Where's the fun in building a background job runner if you aren't running it yourself? Oban is a reliable way to implement business-critical functionality like payment processing, license management, and communicating with customers. Naturally, that's what we want to use for the licensing app that runs oban.pro.
Today we'd like to give you a tour of how we use Oban in that app to run the dashboard demo, dogfood new features, asynchronously process customer payments, and handle critical webhooks.

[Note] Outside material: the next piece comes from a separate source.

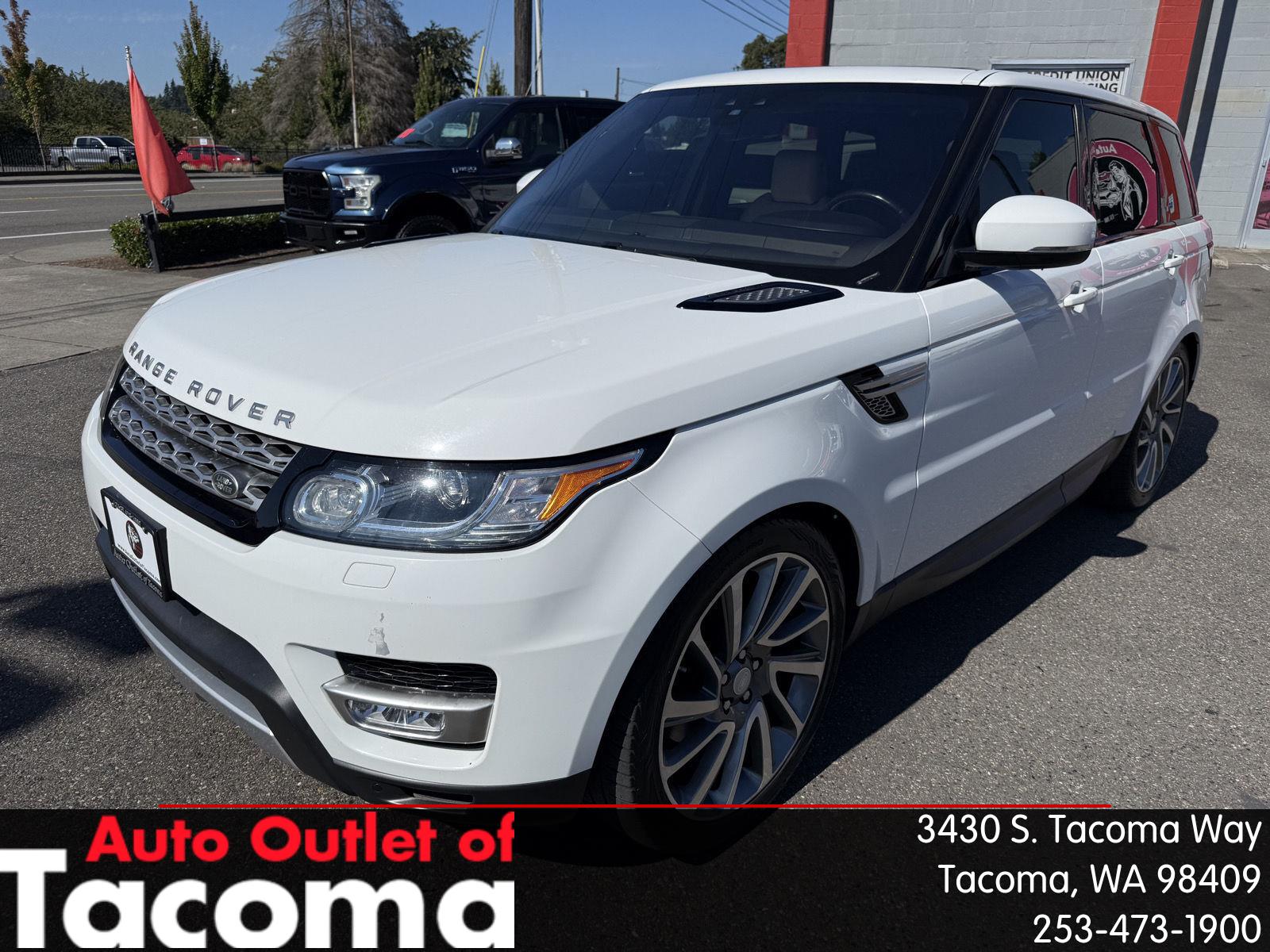 2017 Land Rover Range Rover Sport HSE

As a brief aside, before we get into the fun stuff, the application itself is
named "Lysmore." "Lys" is Norwegian for "light" and is an intentional
misspelling of "Lismore," the island across the bay from Oban in Scotland. If
you notice the Lysmore
module in some code samples, that's why.
Running the Web Dashboard Demo
Undoubtedly, our most entertaining use of Oban is for the live Web dashboard demo. A playful combination of randomly generated workers using fake data and random failures makes the demo a chaotic simulation of a production workload. A typical generated worker looks something like this (with hardcoded values and inlined functions for simplicity):
defmodule Oban.Workers.WelcomeMailer do
use Oban.Worker, queue: :mailers
alias Faker.Internet
def gen(opts \\ []) do
args = %{
email: Internet.email(),
homepage: Internet.url(),
username: Internet.user_name()
}
new(args, opts)
end
@impl Worker
def perform(_job) do
if :rand.uniform(100) < 15, do: raise(RuntimeError, "Something went wrong!")
100..60_000
|> Enum.random()
|> Process.sleep()
end
end
That worker will randomly error 15% of the time and take anywhere from 100ms to 60s to run, plenty of time for people to track progress, click into the details and possibly cancel the job.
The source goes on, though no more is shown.